- **The problem**
Copy, word for word, the lines of the listing below from the line with "Pantalon magic velours Choco" up to and including the line with "CAPACETE FECHADO MIXS". Drop the pictures.

- **The input**

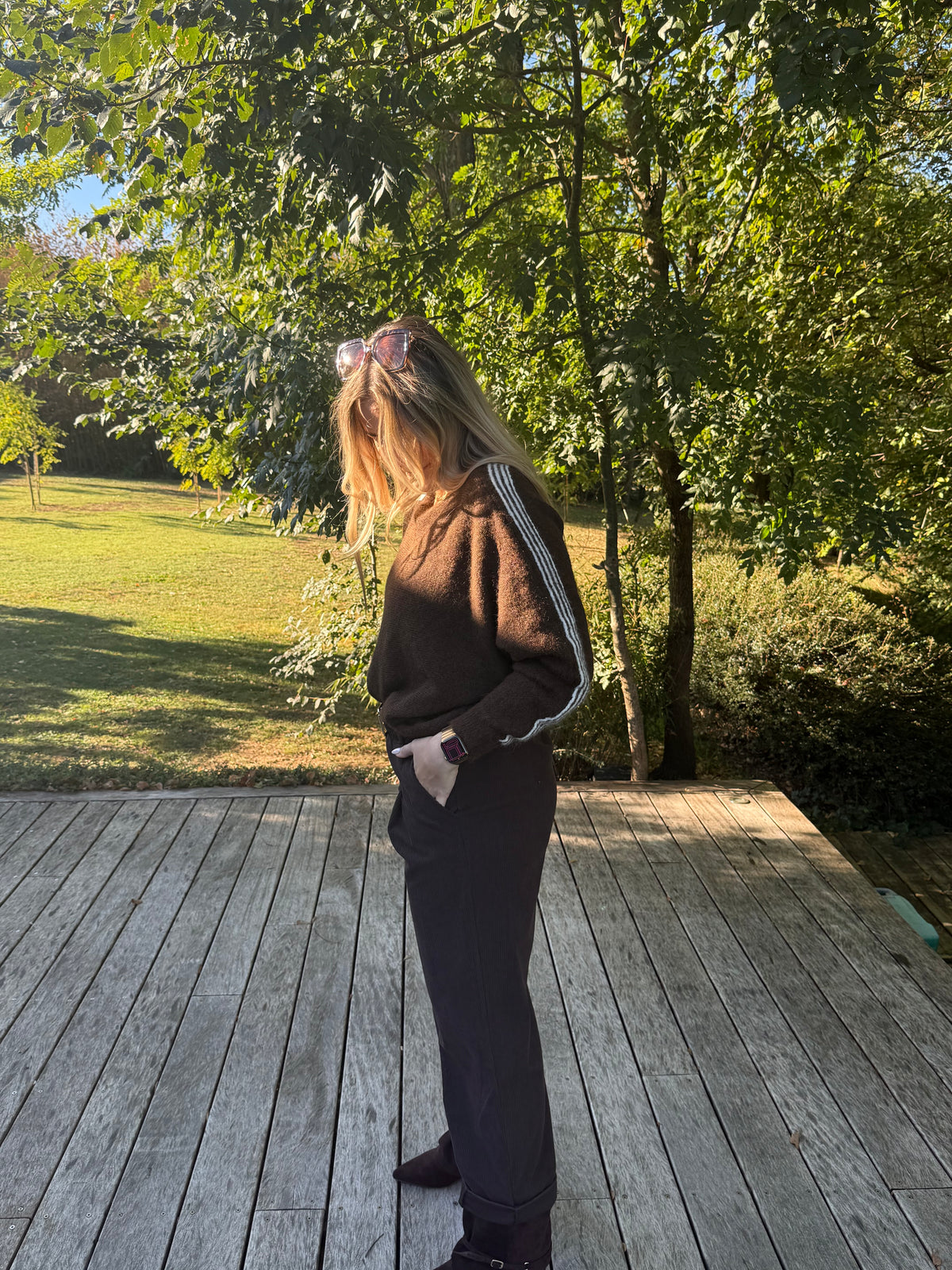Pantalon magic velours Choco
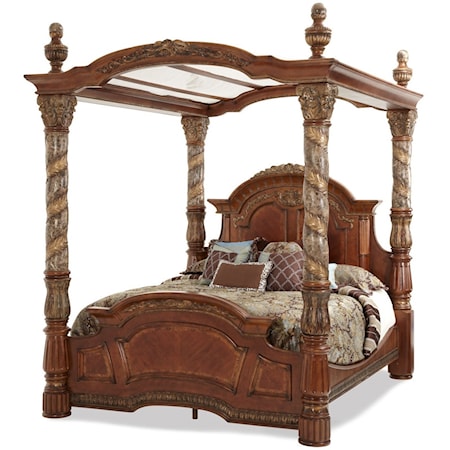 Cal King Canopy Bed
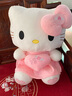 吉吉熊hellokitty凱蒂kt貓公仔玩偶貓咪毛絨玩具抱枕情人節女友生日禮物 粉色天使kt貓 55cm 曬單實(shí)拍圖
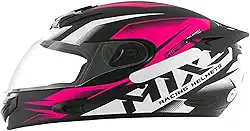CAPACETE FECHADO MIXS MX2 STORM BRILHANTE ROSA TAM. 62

--

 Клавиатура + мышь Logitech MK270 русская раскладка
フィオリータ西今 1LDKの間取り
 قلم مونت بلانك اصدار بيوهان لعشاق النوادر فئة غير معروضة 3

- **Written answer**
Pantalon magic velours Choco
 Cal King Canopy Bed
 吉吉熊hellokitty凱蒂kt貓公仔玩偶貓咪毛絨玩具抱枕情人節女友生日禮物 粉色天使kt貓 55cm 曬單實(shí)拍圖
CAPACETE FECHADO MIXS MX2 STORM BRILHANTE ROSA TAM. 62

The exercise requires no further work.